The left is protesting Wall Street while Barack Obama continues to whip up popular resentment of the US financial industry, but the massive regulation of that industry effectuated by Sarbanes-Oxley and Dodd-Frank are already making sure that liberals are not going to have the world center of finance capitalism based conveniently in Lower Manhattan when they feel like kicking it around some more.
As the Wall Street Journal reported yesterday, Wall Street is in serious decline. Jobs are evaporating.
New York City’s securities industry could lose nearly 10,000 jobs by the end of 2012, New York state’s comptroller predicted, a painful blow to the area’s economy and government budgets.

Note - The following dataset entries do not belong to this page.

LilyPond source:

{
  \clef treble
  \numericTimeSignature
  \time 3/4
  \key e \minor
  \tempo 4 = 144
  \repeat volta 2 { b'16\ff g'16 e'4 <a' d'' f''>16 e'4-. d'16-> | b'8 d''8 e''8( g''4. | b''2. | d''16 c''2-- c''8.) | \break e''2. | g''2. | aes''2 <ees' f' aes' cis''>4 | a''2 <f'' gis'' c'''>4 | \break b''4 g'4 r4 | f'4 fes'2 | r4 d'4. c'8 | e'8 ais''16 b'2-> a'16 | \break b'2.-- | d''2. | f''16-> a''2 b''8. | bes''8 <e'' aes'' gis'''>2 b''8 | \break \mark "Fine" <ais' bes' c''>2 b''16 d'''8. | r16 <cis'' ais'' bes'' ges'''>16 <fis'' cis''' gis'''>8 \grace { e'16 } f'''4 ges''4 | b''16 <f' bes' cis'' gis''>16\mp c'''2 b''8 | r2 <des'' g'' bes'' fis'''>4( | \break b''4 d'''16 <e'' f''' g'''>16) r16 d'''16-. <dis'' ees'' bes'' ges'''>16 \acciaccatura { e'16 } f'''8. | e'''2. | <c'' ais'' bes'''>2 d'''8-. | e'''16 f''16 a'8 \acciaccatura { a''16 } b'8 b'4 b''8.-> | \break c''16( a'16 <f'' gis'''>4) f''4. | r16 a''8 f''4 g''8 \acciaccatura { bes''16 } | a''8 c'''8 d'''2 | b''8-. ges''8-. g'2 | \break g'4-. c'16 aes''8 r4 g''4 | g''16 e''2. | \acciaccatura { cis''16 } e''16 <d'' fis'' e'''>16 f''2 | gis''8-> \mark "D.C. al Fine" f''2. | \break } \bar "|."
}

New York City’s securities industry could lose nearly 10,000 jobs by the end of 2012, New York state’s comptroller predicted, a painful blow to the area’s economy and government budgets, Aaron Lucchetti reports on Markets Hub. Banks in the New York area are also poised to shed jobs. Photo: AP.

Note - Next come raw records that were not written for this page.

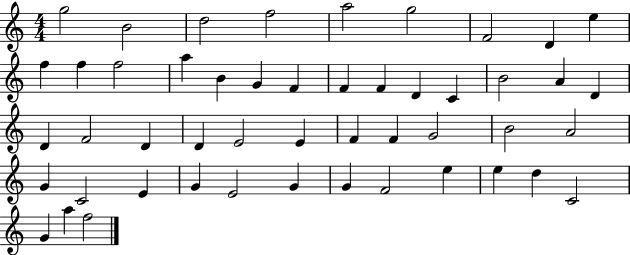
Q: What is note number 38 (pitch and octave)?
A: G4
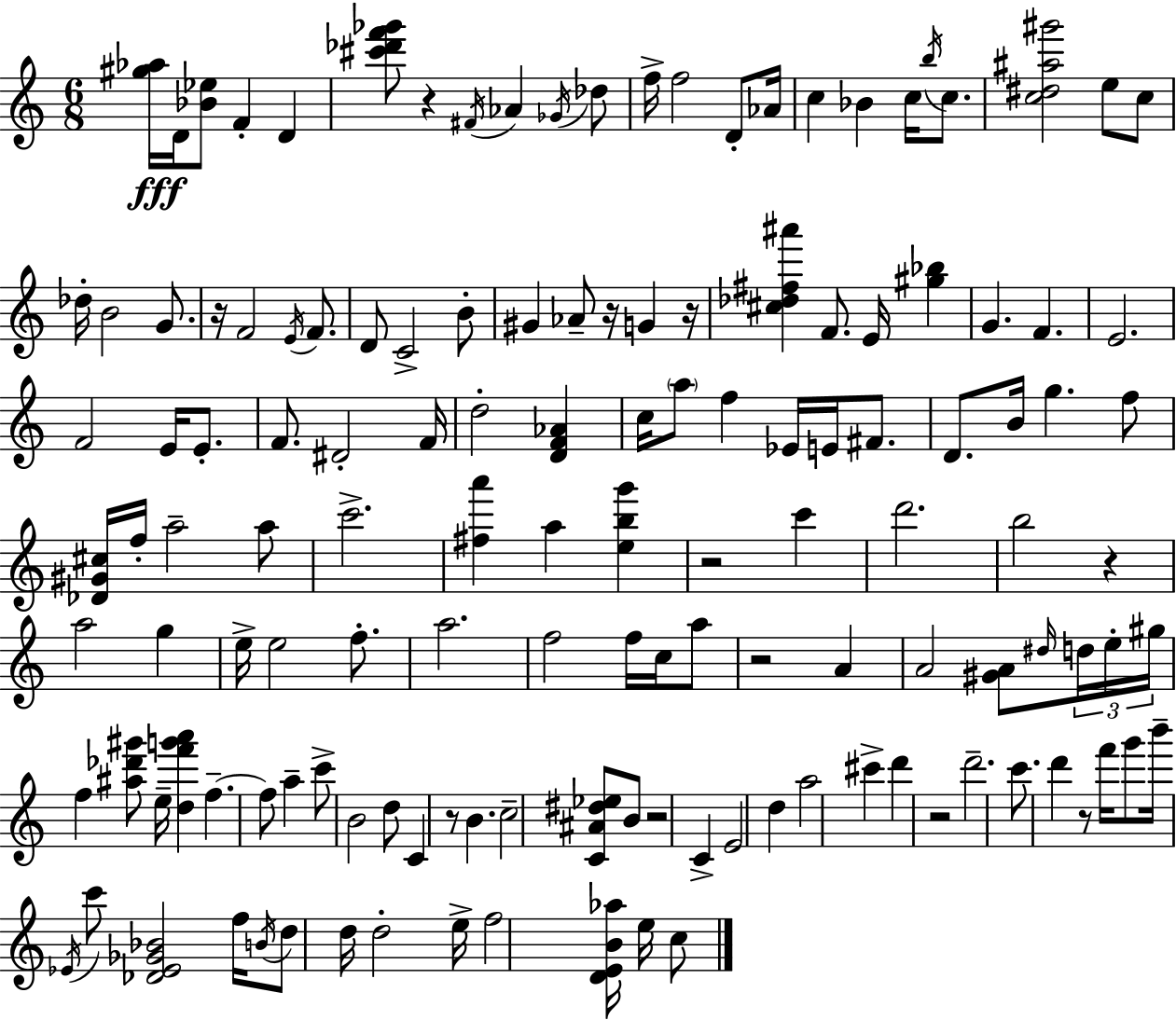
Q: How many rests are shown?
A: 11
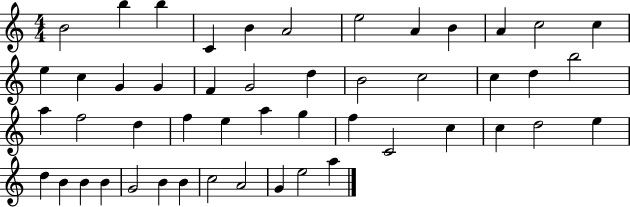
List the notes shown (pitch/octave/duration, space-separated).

B4/h B5/q B5/q C4/q B4/q A4/h E5/h A4/q B4/q A4/q C5/h C5/q E5/q C5/q G4/q G4/q F4/q G4/h D5/q B4/h C5/h C5/q D5/q B5/h A5/q F5/h D5/q F5/q E5/q A5/q G5/q F5/q C4/h C5/q C5/q D5/h E5/q D5/q B4/q B4/q B4/q G4/h B4/q B4/q C5/h A4/h G4/q E5/h A5/q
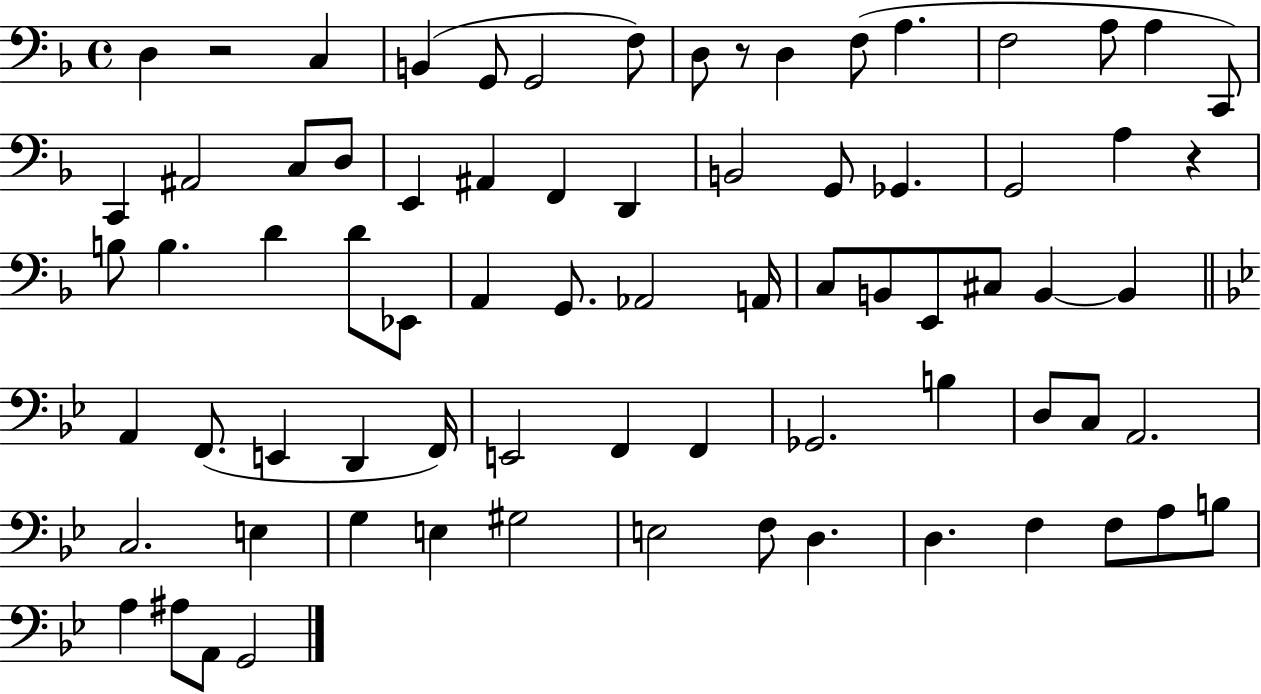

In a report set to be released Tuesday, Comptroller Thomas P. DiNapoli also said bonuses are likely to shrink this year, reflecting lower profits on Wall Street.

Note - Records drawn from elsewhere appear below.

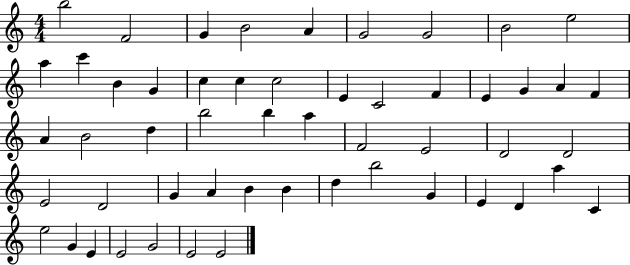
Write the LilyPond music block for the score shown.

{
  \clef treble
  \numericTimeSignature
  \time 4/4
  \key c \major
  b''2 f'2 | g'4 b'2 a'4 | g'2 g'2 | b'2 e''2 | \break a''4 c'''4 b'4 g'4 | c''4 c''4 c''2 | e'4 c'2 f'4 | e'4 g'4 a'4 f'4 | \break a'4 b'2 d''4 | b''2 b''4 a''4 | f'2 e'2 | d'2 d'2 | \break e'2 d'2 | g'4 a'4 b'4 b'4 | d''4 b''2 g'4 | e'4 d'4 a''4 c'4 | \break e''2 g'4 e'4 | e'2 g'2 | e'2 e'2 | \bar "|."
}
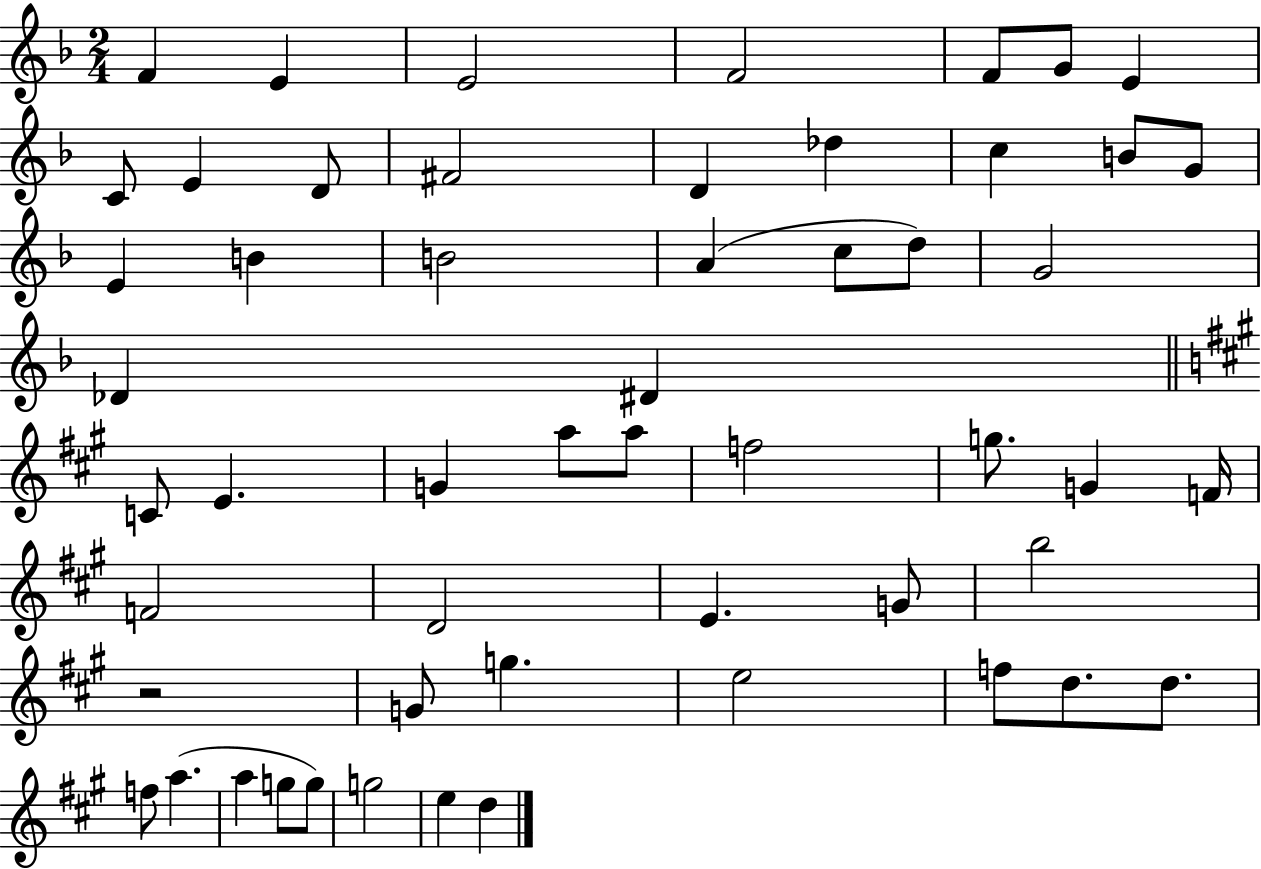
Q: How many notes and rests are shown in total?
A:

Since January 2008, the securities industry in New York has seen 22,000 jobs evaporate. If Mr. DiNapoli’s prediction of 10,000 more jobs losses between August 2011 and year-end 2012 comes true, that would represent a decline of 17%. About 4,100 jobs have been eliminated since April, and deeper cuts are widely seen as inevitable given a recent flurry of corporate expense-trimming announcements.
There is a 1:1 relationship between recent federal regulations and Wall Street’s decline. Disgruntled lesbian rockers who think that capitalism has not been properly compensating them will soon have to go demonstrate in London and Abu Dhabi.